In the entries below, find the line with "Soleri marcello politico" and the line with "Fuel Injector 161-1785"; reproduce those two lines and all lines between them exactly, without pictures.

**Records**
——

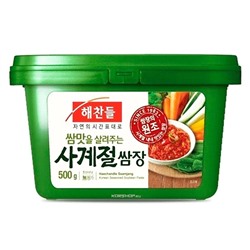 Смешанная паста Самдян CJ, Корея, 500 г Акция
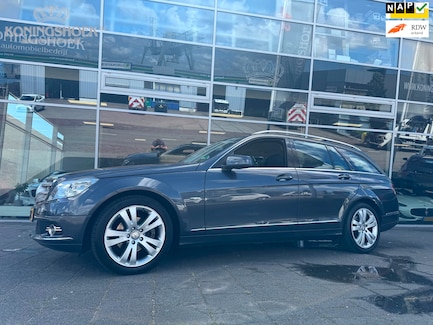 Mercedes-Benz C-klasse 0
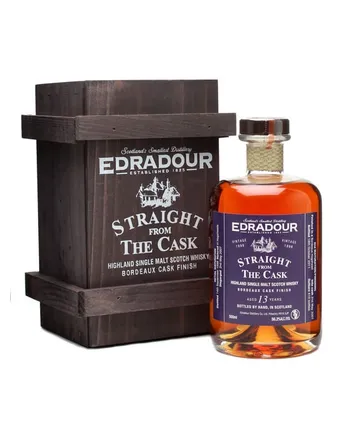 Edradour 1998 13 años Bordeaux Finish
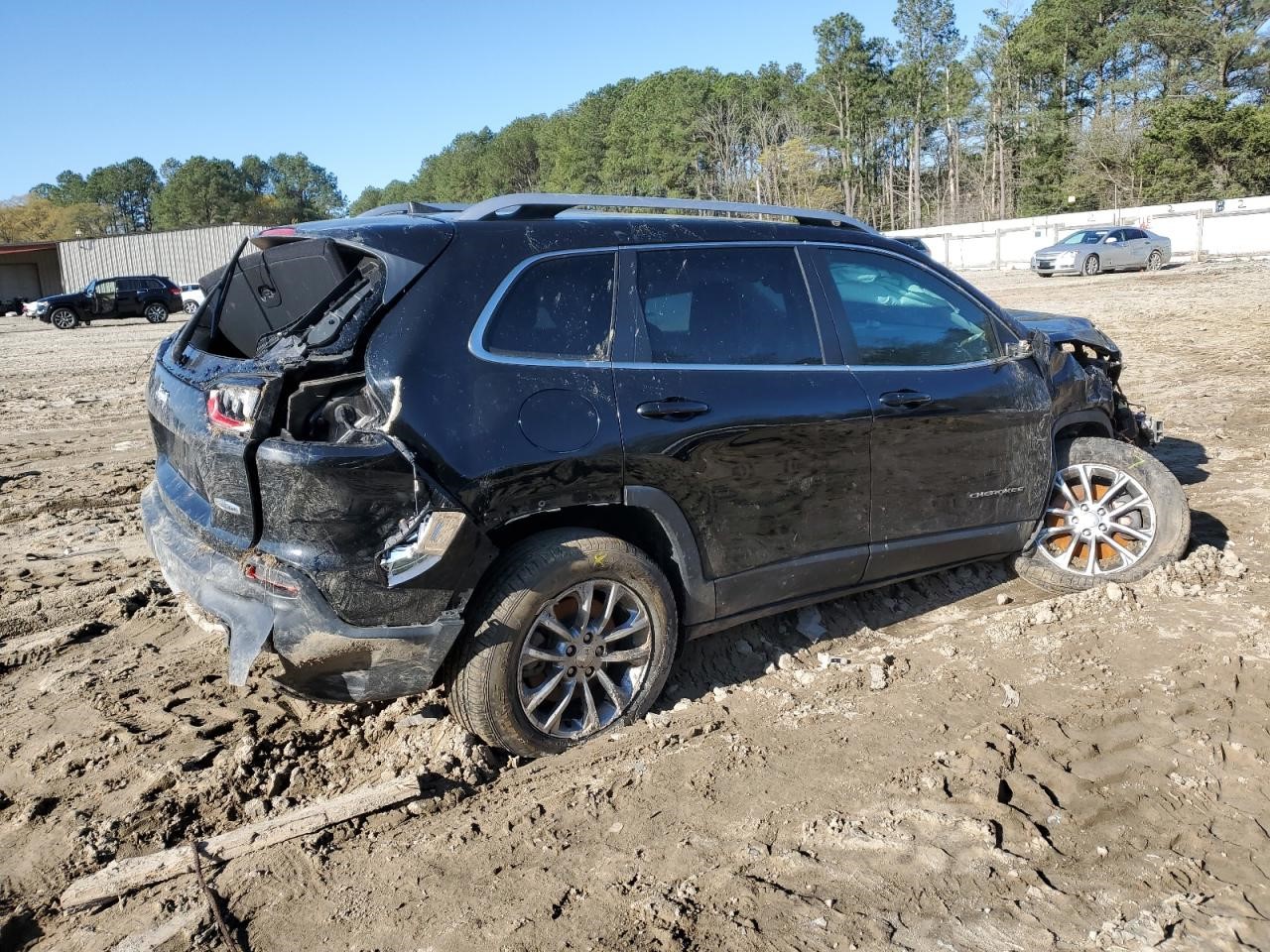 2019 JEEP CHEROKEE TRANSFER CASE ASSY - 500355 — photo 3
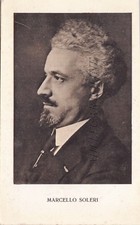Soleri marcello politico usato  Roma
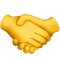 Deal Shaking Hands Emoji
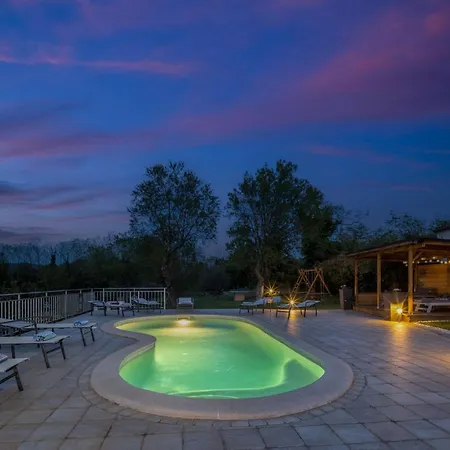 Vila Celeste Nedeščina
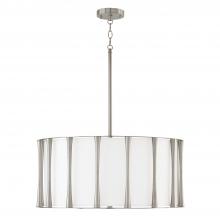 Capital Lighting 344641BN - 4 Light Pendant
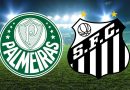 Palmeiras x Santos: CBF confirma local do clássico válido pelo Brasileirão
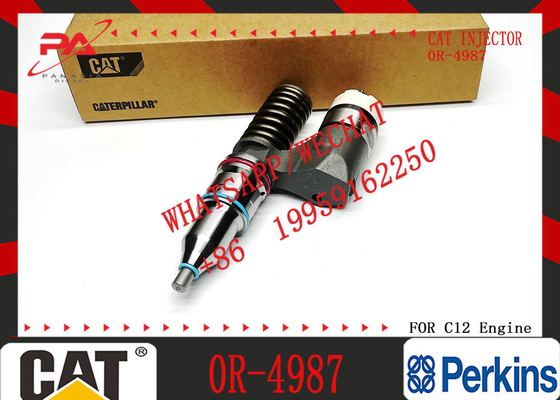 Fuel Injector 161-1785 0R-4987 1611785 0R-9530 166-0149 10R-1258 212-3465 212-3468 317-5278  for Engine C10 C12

——

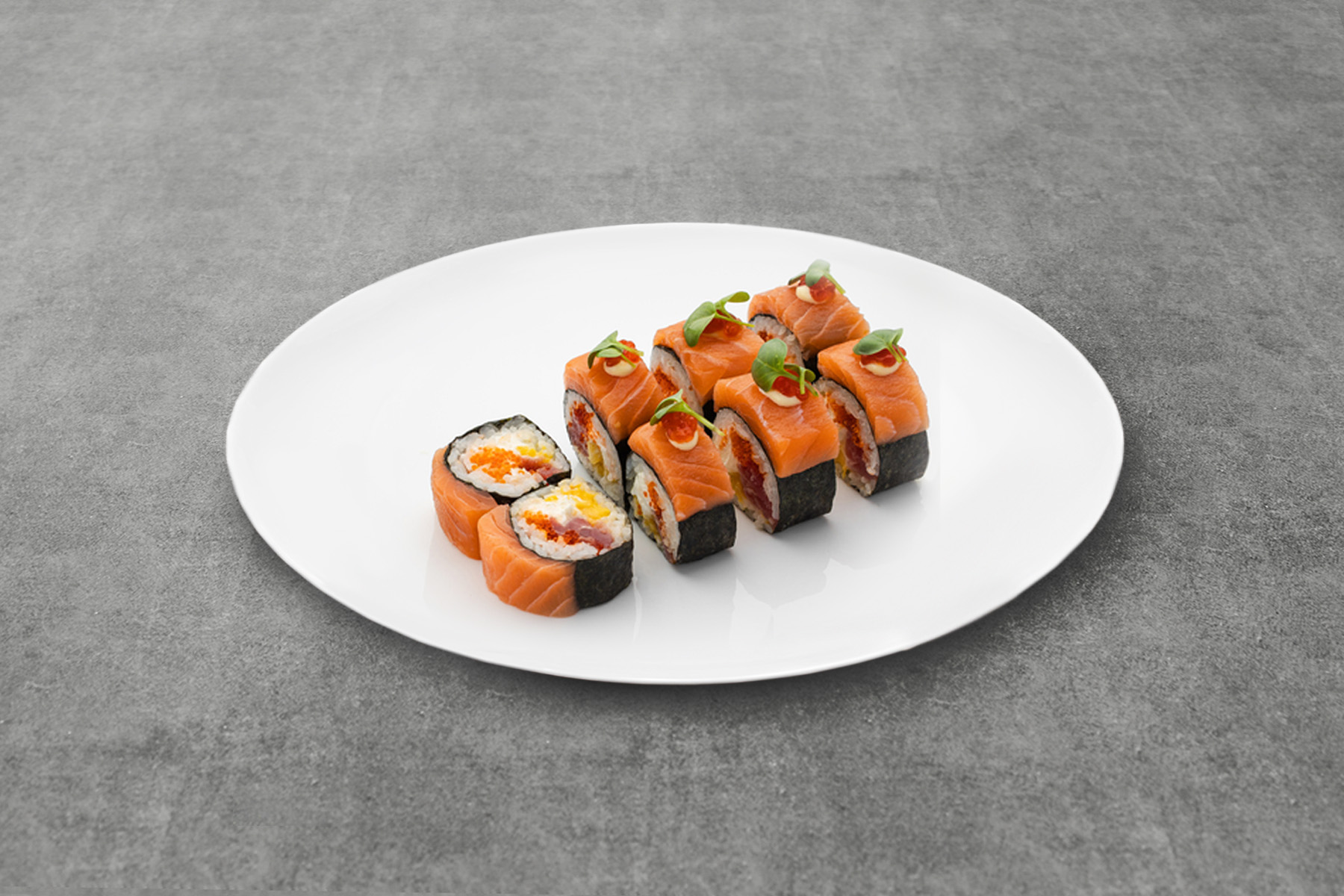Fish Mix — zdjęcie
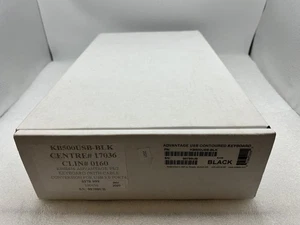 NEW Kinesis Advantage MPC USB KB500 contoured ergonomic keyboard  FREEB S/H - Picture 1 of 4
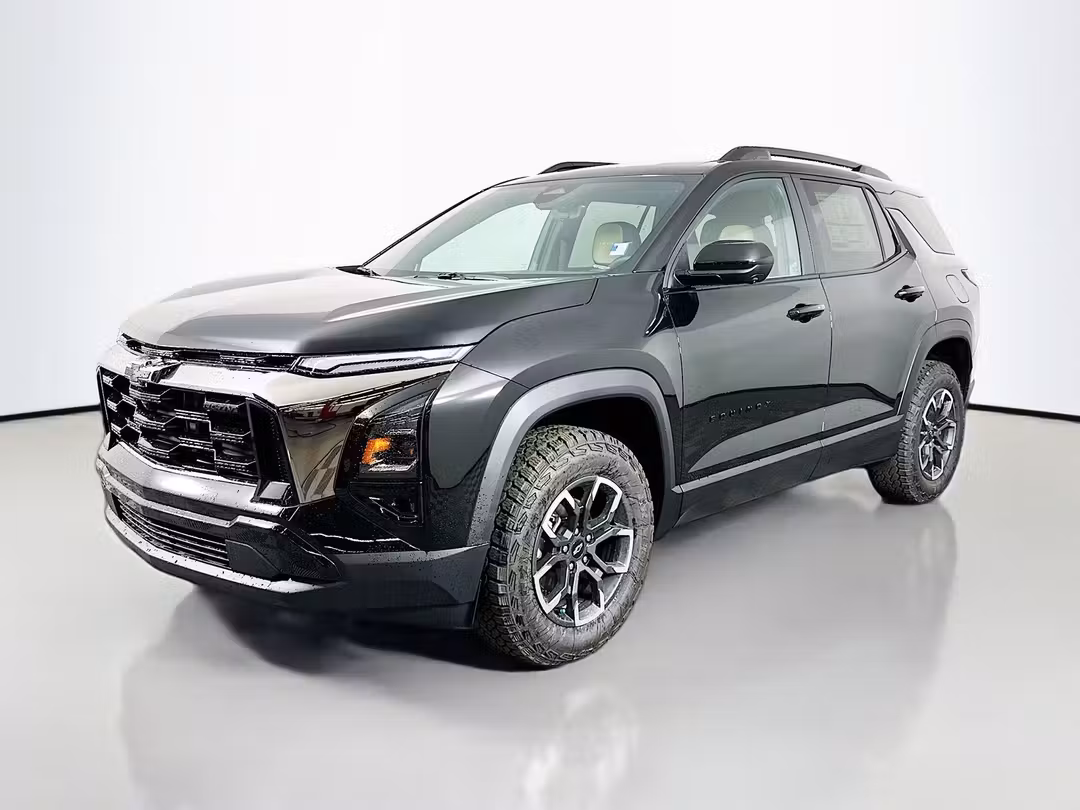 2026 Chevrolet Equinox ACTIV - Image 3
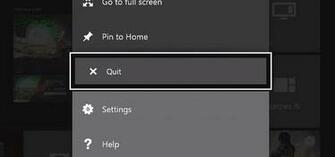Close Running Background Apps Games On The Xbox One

——

**Exercise output**
Soleri marcello politico usato  Roma
 Deal Shaking Hands Emoji
 Vila Celeste Nedeščina
 Capital Lighting 344641BN - 4 Light Pendant
 Palmeiras x Santos: CBF confirma local do clássico válido pelo Brasileirão
 Fuel Injector 161-1785 0R-4987 1611785 0R-9530 166-0149 10R-1258 212-3465 212-3468 317-5278  for Engine C10 C12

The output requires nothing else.